Moth Worlds. Jof Heathcote Mixing it with Sailing’s Greats

pic by by Martina Orsini
Jof Heathcote
pic by Thierry Martinez

by Richard Crockett

Garda’s breezes provide contrasting fortunes in qualification on day 3 due to the early morning ‘Peler’ from the North. After a lunchtime break to repair boats and refuel with more pasta, all fleets were sent back out for a much more sedate afternoon of racing, but again the Garda wind gods had other ideas. By 16h00 the weak afternoon breeze shut down for the day determining the all important Gold, Silver and Bronze fleets for the Final series.

Jof Heathcote, well known former RSA sailor, lies in 40th place out of 220 boats after 4 races, has made the Gold Fleet for the finals. This puts him a really rarified atmosphere amongst the very best sailors in the world who have Olympic titles, world championship titles, America’s Cup victories and much more to their names.

Paul Goodison took up from where he left off yesterday adding another two wins to keep a perfect scoreline. He was pushed hard but never really threatened by Olympic medallist, Simon Hiscocks, who finished with two excellent seconds. There were good performances for some of the master category sailors, Americas Cup team coach, Philippe Presti finished the tough first race and took 5th in the second. Another Americas Cup sailor, Francesco Bruni (ITA) got round the course finishing 5th in the first race.
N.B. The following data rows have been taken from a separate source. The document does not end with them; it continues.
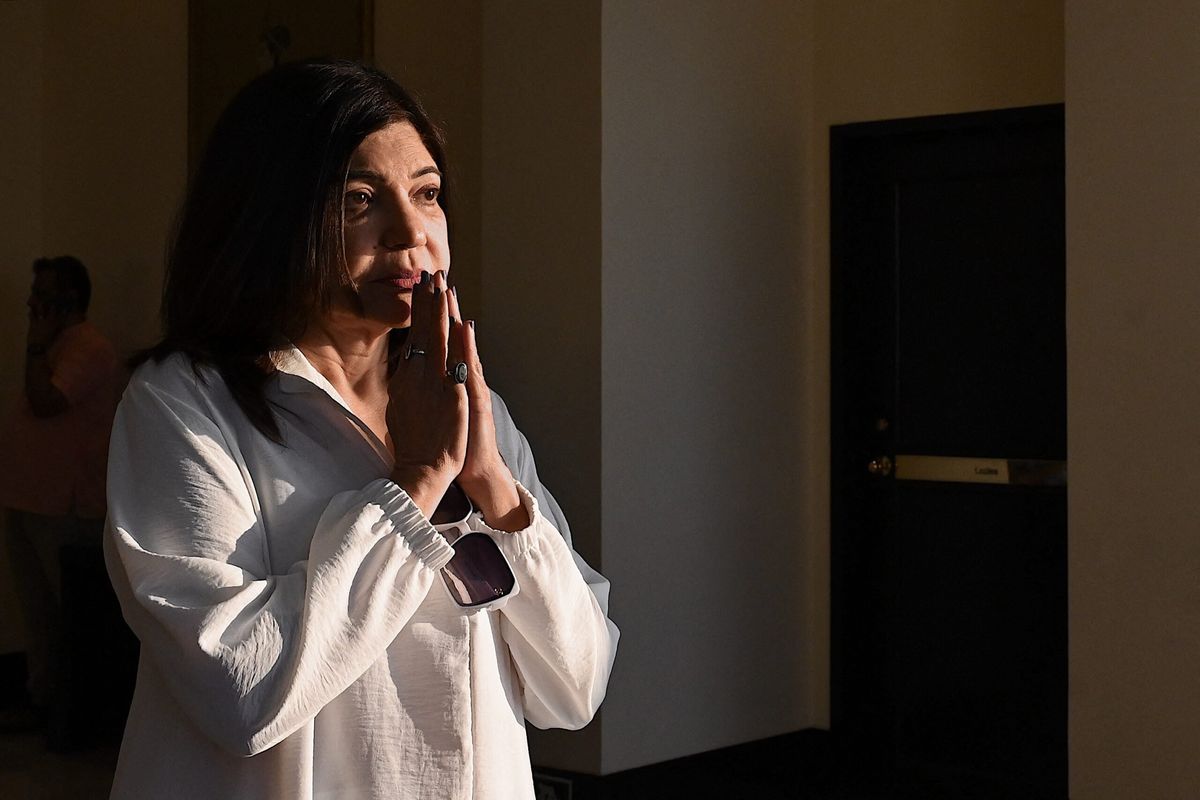 Alka Yagnik announces rare hearing disorder diagnosis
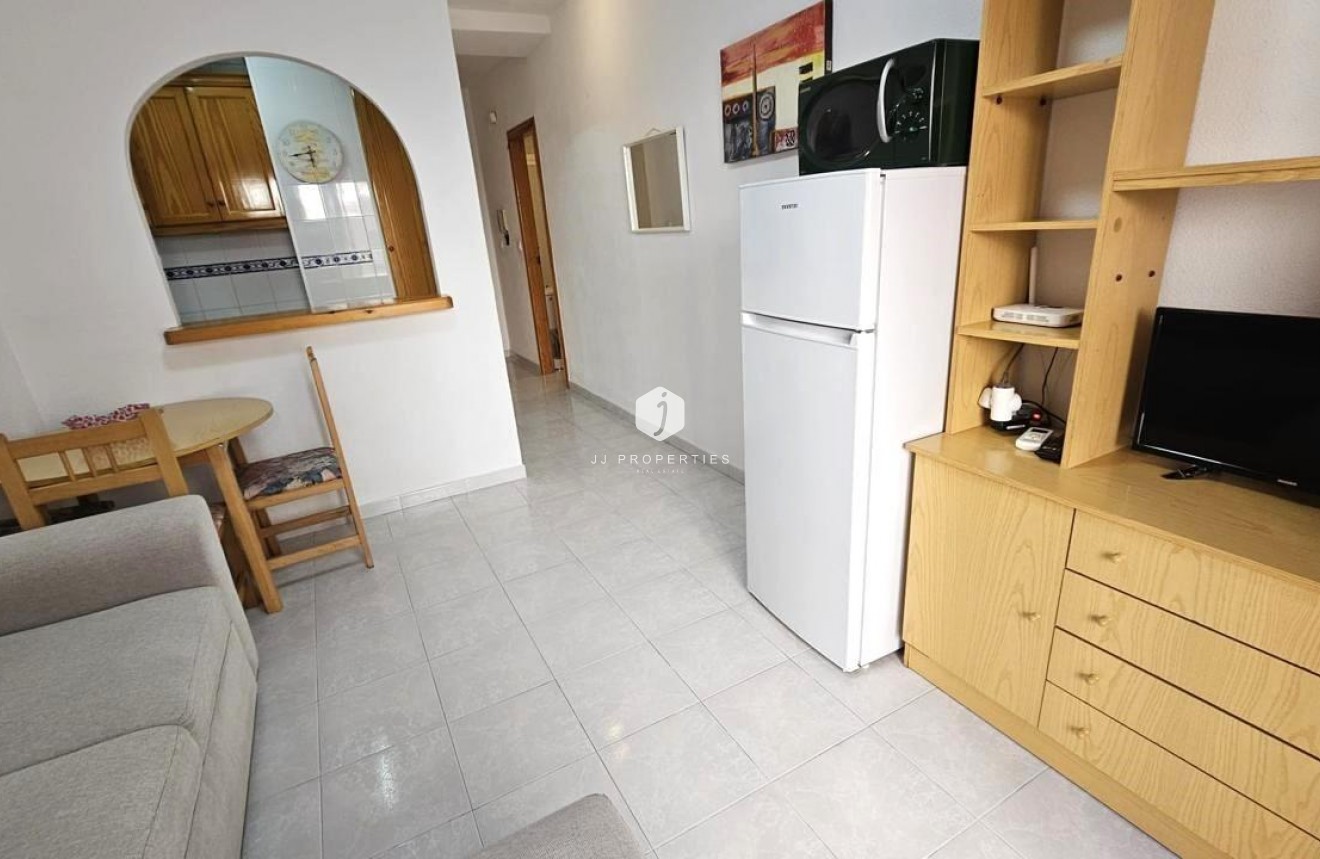 D'occasion - Appartement -
Torrevieja - Acequion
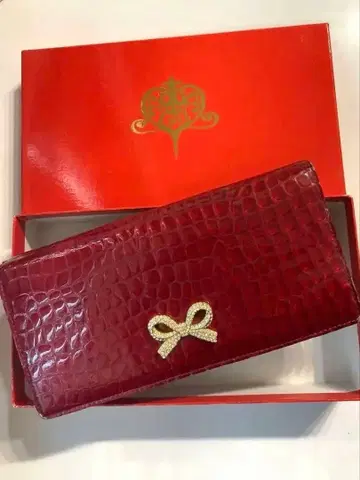 레드 크로커다일풍 장지갑 비쥬 리본 포함 자궁위원장 하루 요시노 사야카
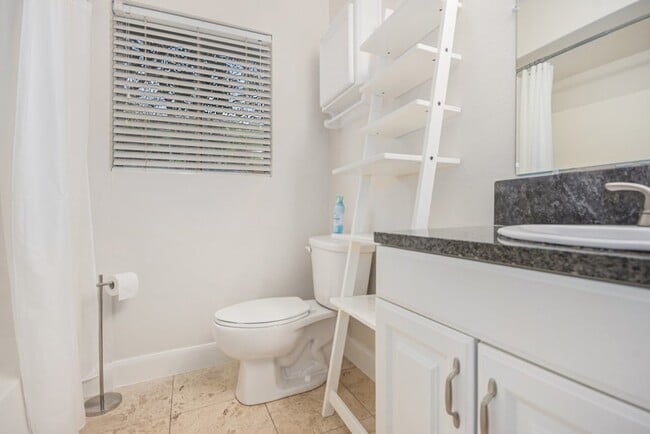 Building Photo - 12847 Memorial Dr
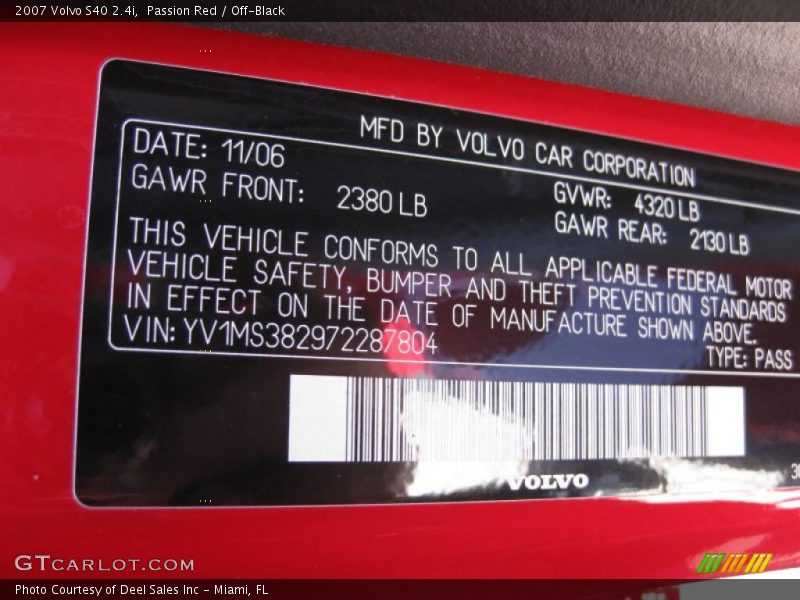 Passion Red / Off-Black 2007 Volvo S40 2.4i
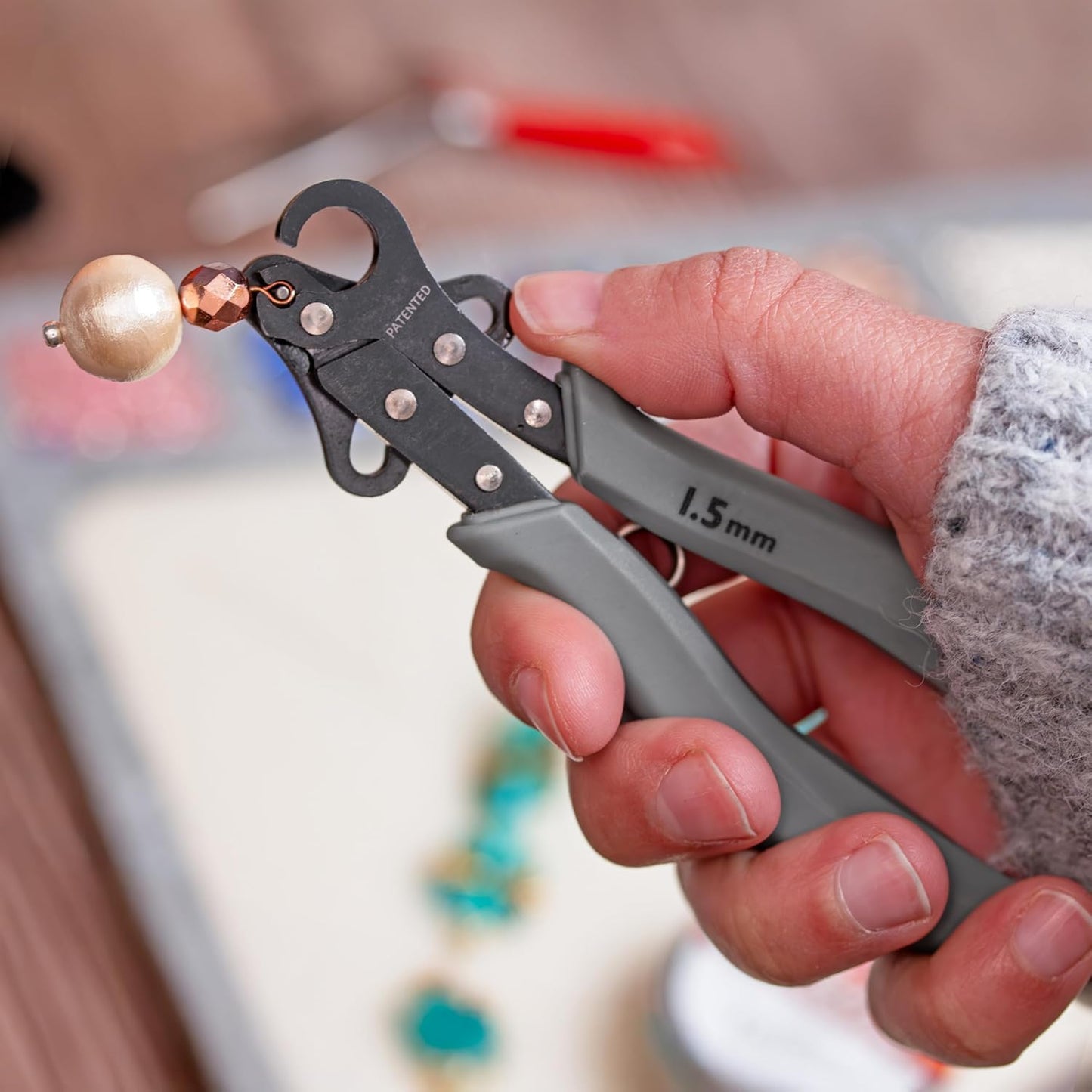 The Beadsmith One Step Looper – Create and Trim Consistent 1.5 mm Loops for Jewelry, Use With 18-26g Craft Wire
Double world Moth champion and hot favourite, Nathan Outteridge blitzed the first race, but agonisingly suffered another major rig failure as his mast broke going at full speed.
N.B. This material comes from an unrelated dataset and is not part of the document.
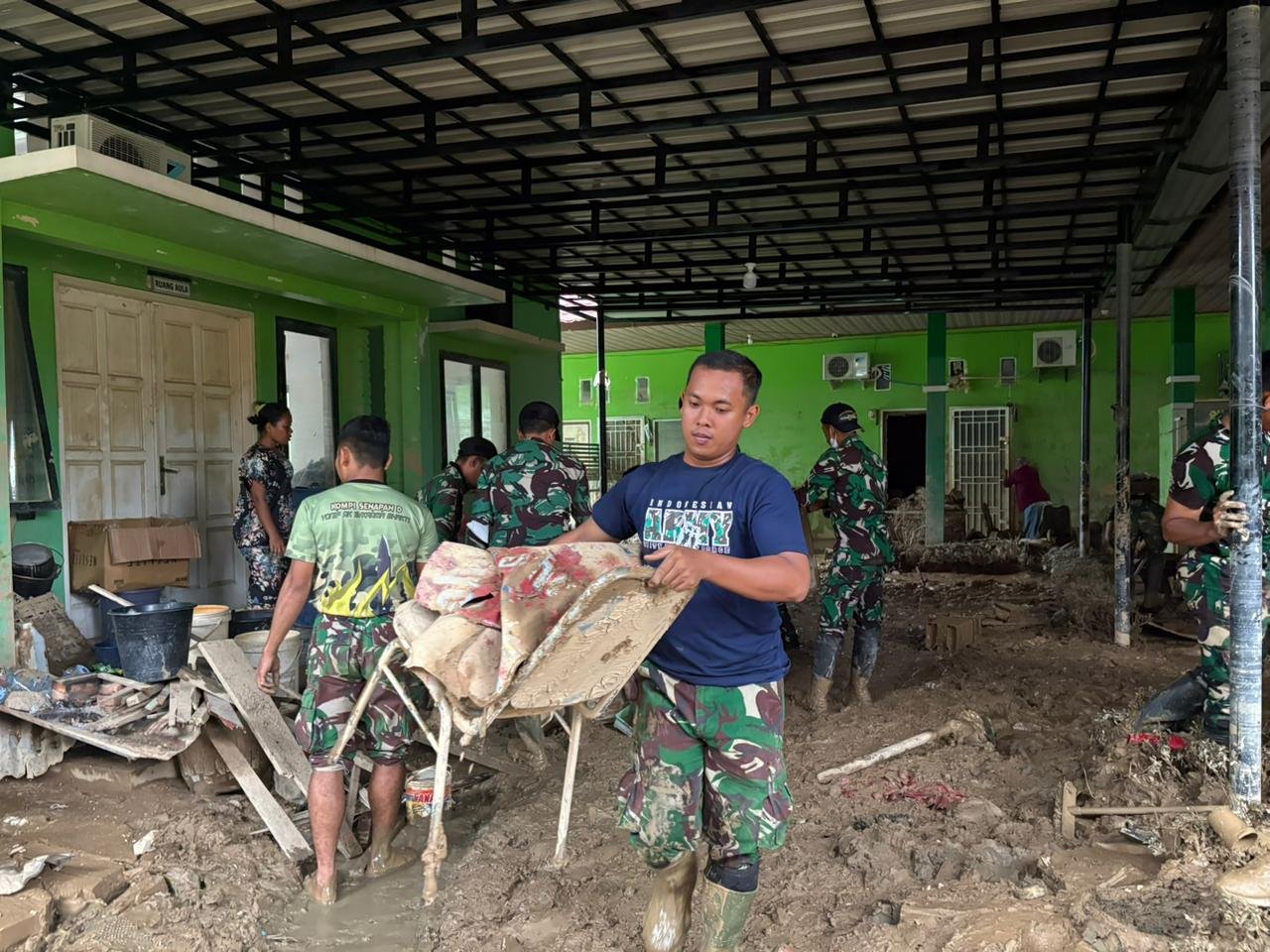 TNI Bersihkan Puskesmas Terdampak Banjir di Aceh Tamiang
“It was pretty fresh out there this morning, we were getting mid 20’s and bigger gusts. At the top of our course, it was quite flat but lumpy at the bottom” said Outteridge.

“I managed to win the first race but then in the second race I had a pitch pole in the middle of the bottom gate when I was in 2nd or 3rd, and snapped my mast, so that is two DNF’s in two days from two different things, so I am just running over the boat pretty closely now.”

Even the unflappable current king of sailing, Pete Burling suffered a number of stacks as he appeared to be suffering from control issues downwind.

With 4 qualification races completed per group, sailors can discard their worst score. So the points table at the end of qualifying shows Paul Goodison (GBR) with a string of bullets followed closely by Tom Slingsby (AUS), with three wins and a discarded 7. Rob Greenhalgh (GBR) sits in 3rd, Iain Jensen (AUS) 4th and Josh Mcknight (AUS) 5th. Pete Burling (NZL) sits in 15th and due to damage Nathan Outteridge (AUS) is down in 35th.